### Task requirements
The exact lines from the start of the material below through the line holding "In Ventura, California, mom" are the answer; return those, pictures excluded.

### Exercise inputs
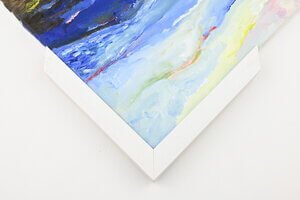 Canvas with a traditional frame over the top of the edge of the canvas.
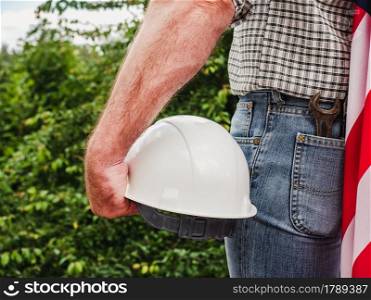 Handsome man holding US Flag and construction helmet against the background of trees, blue sky and sunset. View from the back. Labor and employment concept. Attractive man holding construction helmet in his hands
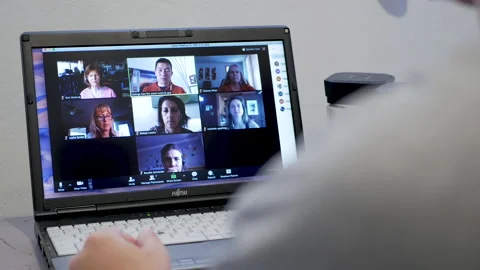 Crop man having video call via netbook Stock Footage 132017890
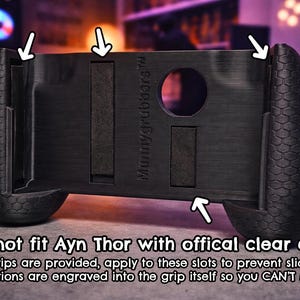 May include: A black handheld gaming controller grip with a textured honeycomb pattern on the sides. The center features the text "Mummygrubbers" and slots for foam strips. Text below states: "Cannot fit Ayn Thor with offical clear case. Foam strips are provided, apply to these slots to prevent sliding out. Instructions are engraved into the grip itself so you CAN'T MISS IT."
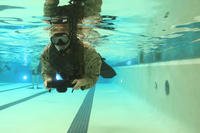 Recon Marine swims with fins at Camp Lejeune.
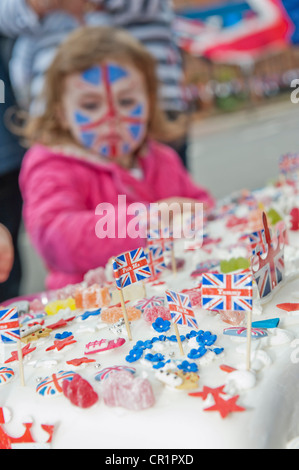 Cakes, bunting, face paint and champagne are enjoyed at a street party in South West London despite the odd burst of rain. Stock Photo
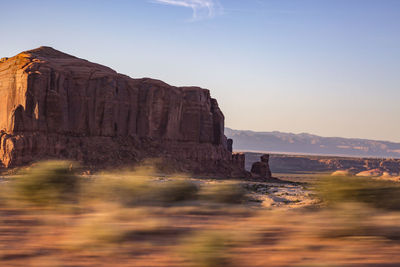 Rock formations on landscape against sky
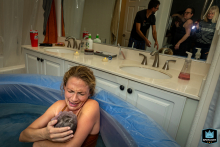 In Ventura, California, mom gazes lovingly at her newborn, completely absorbed, while her husband and the birth team stand nearby, discussing the next steps together.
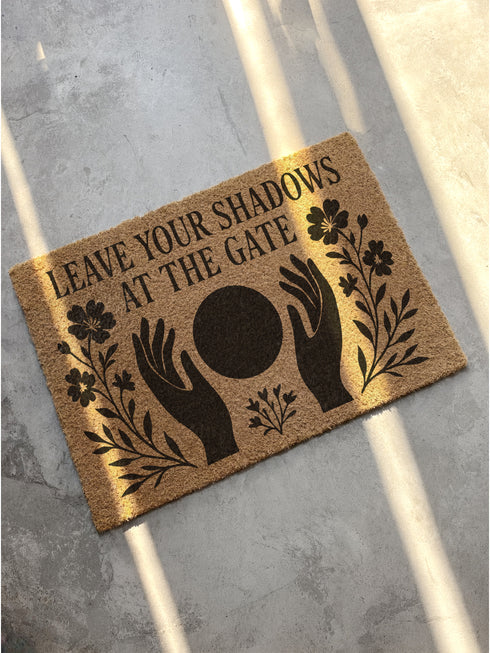 A rectangular, natural brown coir welcome mat with a textured surface, featuring an intricate, black witchy design intended for spiritual protection. The celestial and metaphysical pattern showcases a central manifestation spell circle with sacred geometry, radiating lines, and is accented with stars and crescent moons at the corners, creating a unique piece of entryway decor.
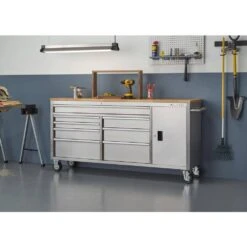 Husky 72 In. W X 18 In. D Heavy Duty 8-Drawer 1-Door Mobile Workbench Tool Chest With Solid Wood Top In Stainless Steel -Husky Tools Shop stainless steel with silver trim husky mobile workbenches hyls 7208 31 1000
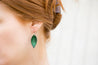 Emerald Small Leather Petal Earrings shown on model's ear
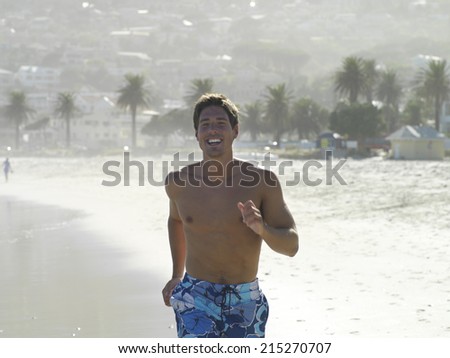 South Africa, Cape Town, man in swimming shorts jogging along sandy beach, smiling, front view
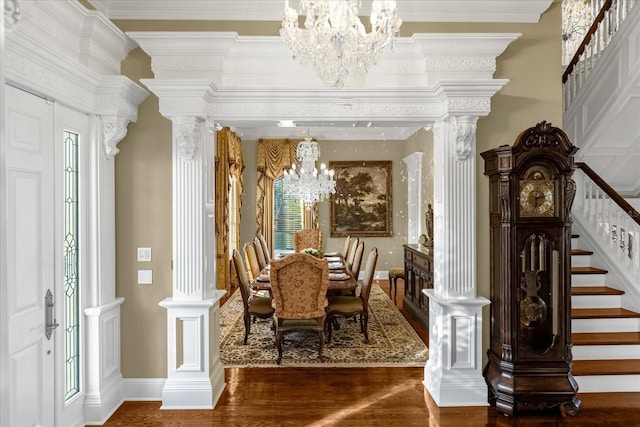 interior space featuring stairs, wood finished floors, crown molding, and an inviting chandelier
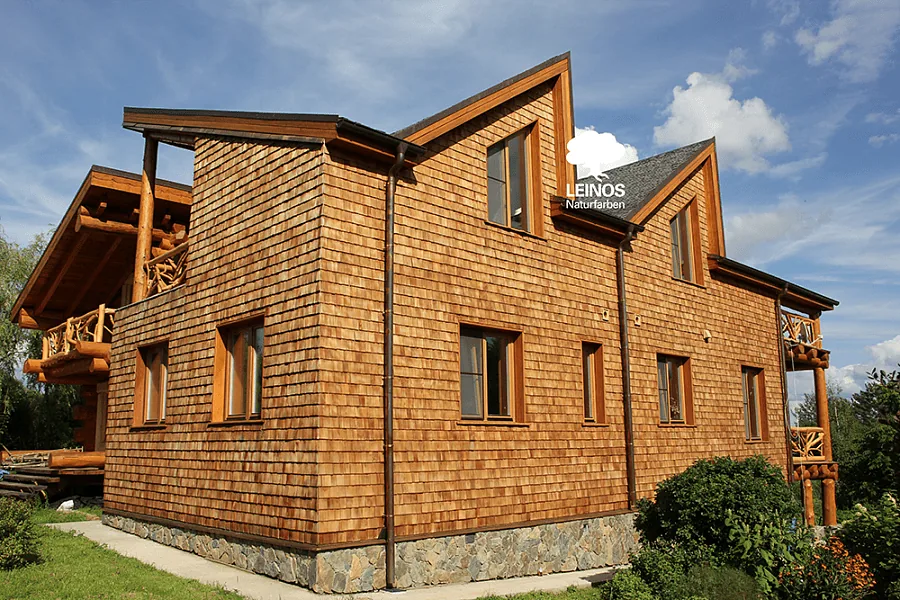 Stone-and-cedar transition at the foundation course — LEINOS Wood Varnish 260 protects the lowest shingle row without filming the timber surface.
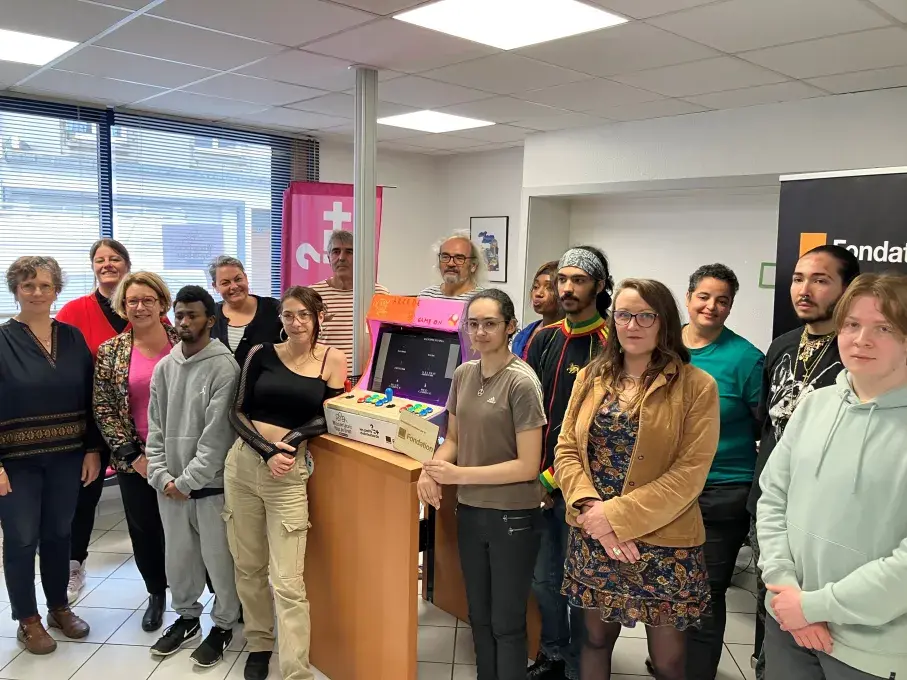 Des femmes et des hommes posent devant une borne d'arcade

### Solution to this task
 Canvas with a traditional frame over the top of the edge of the canvas.
 Handsome man holding US Flag and construction helmet against the background of trees, blue sky and sunset. View from the back. Labor and employment concept. Attractive man holding construction helmet in his hands
 Crop man having video call via netbook Stock Footage 132017890
 May include: A black handheld gaming controller grip with a textured honeycomb pattern on the sides. The center features the text "Mummygrubbers" and slots for foam strips. Text below states: "Cannot fit Ayn Thor with offical clear case. Foam strips are provided, apply to these slots to prevent sliding out. Instructions are engraved into the grip itself so you CAN'T MISS IT."
 Recon Marine swims with fins at Camp Lejeune.
 Cakes, bunting, face paint and champagne are enjoyed at a street party in South West London despite the odd burst of rain. Stock Photo
 Rock formations on landscape against sky
 In Ventura, California, mom gazes lovingly at her newborn, completely absorbed, while her husband and the birth team stand nearby, discussing the next steps together.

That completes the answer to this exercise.